Building on Volume 1, this book guides experienced programmers through advanced assembly techniques often overlooked in introductory texts.Every high-level language feature you depend on—objects, exceptions, closures, coroutines—compiles down to assembly instructions someone designed deliberately. Most programmers never see those decisions.
The Art of 64-Bit Assembly, Volume 2 makes them visible.
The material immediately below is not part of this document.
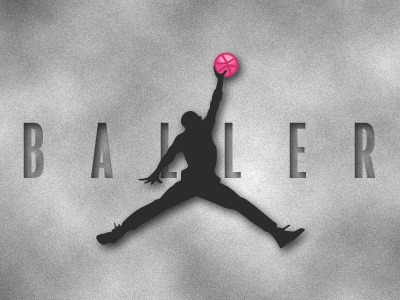 Dribbble Baller baller basketball clouds dribbble dunk grey jordan logo texture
Randall Hyde, whose work on assembly language has shaped how a generation of systems programmers thinks about x86, picks up exactly where Volume 1 ended. No review. No concessions. Every chapter takes a construct you’ve used in C++, Python, or Rust and shows you the assembly underneath it—built from scratch, in MASM, running under Windows.
What you’ll build:
- Object-oriented programs in MASM—vtables, method dispatch, inheritance—directly from assembly
- Windows structured exception handling (SEH) installed and managed at the instruction level
- Thunks, closures, and iterators that behave like higher-order functions—in a language with none
- Coroutines, generators, and fibers without having to resort to HLL code
- Concurrent programs with real synchronization, directly from assembly language
- Unicode string handling done correctly, at the level where most code gets it wrong
- Domain-specific macro languages inside MASM, built from first principles
This is the book for programmers who already know assembly and want to stop taking the hard parts on faith. No magic. No shortcuts. No runtime to blame.